What You Need to Know Before You Remodel

What You Need to Know Before You Remodel

Right now, we’re far, far along in a major remodeling project – by which I mean we’re almost 15% through. On the off chance you’re foolishly thinking of doing something just as bone-headed, let me pass along some valuable advice.

People who have survived the ordeal of a home makeover will use words like “exhausting”, “overwhelming” and “it was entirely my wife’s idea.” But there are countless others who tackled the same project who don’t have a single negative word to say about their experience. That’s because they’re all dead. It killed them. But if they could return from the grave, they’d totally concur with the survivors.

Before you begin your long, arduous journey into this Hell hole, ask yourself a few salient questions: “Why on earth would you take on such a lengthy, expensive, frustrating endeavor?” and “Is your life raising teenagers not stressful enough already?” and “How do you feel about living in the garage for the next six months?” These are all excellent questions I wish someone had posed to me before we took the plunge.
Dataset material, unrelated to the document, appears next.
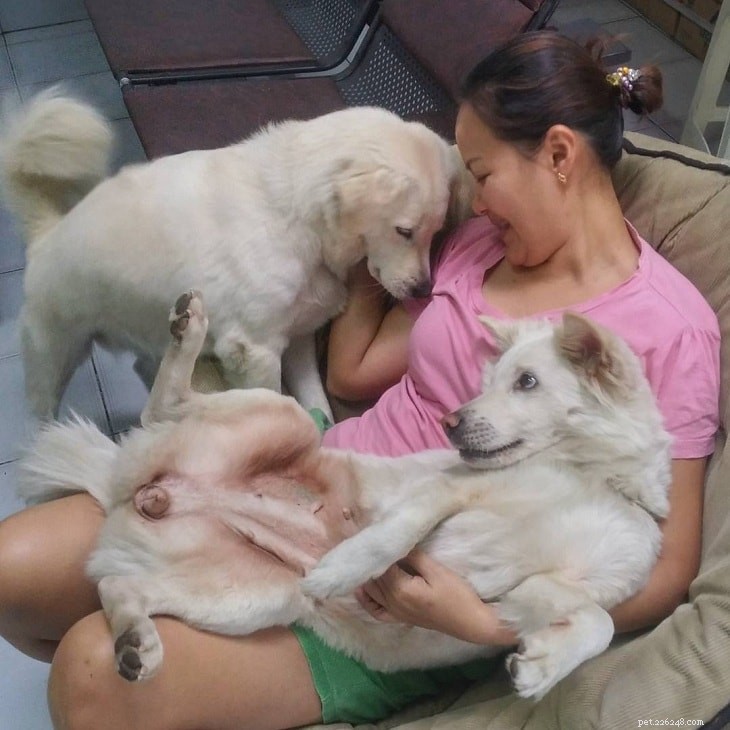 Kintamani Dog: Indonesia’s Premier Indigenous Breed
Actually, my sister raised all these points, but what does my sister know about home improvements? (I can’t believe you wrote that! – Betsy, your editor and SISTER!)
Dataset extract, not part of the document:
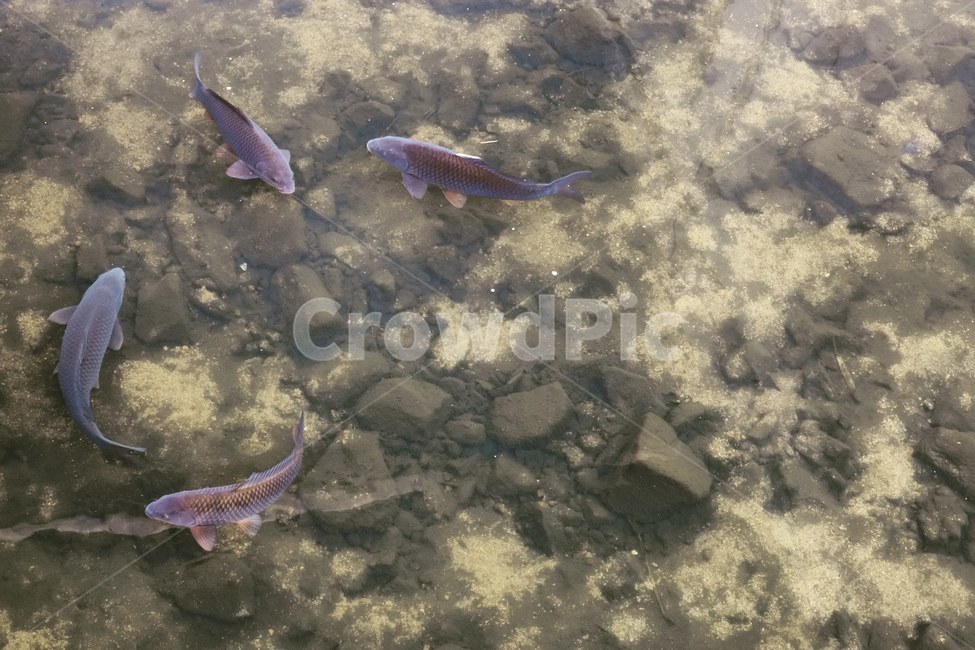 물고기,봄,활동,같은시간,어울림,산책,동양화,조화,동물,animal,어류,물고기,fish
My best counsel would be to forget about a remodel. Buy a nice hot tub instead. Way less hassle. But once you’ve decided to ignore my advice, the first thing to consider is how extensive of an upgrade? Are you simply looking to retile the bathroom? Or is it a bit more wall to wall, like ripping out the carpeting and replacing it with hardwood floors? Or have you gone completely off the rails and decided to gut the entire main level down to the studs and start over? Only an idiot would think such a massive undertaking was a good idea, and by idiot, I am, of course, referring to my wife’s husband.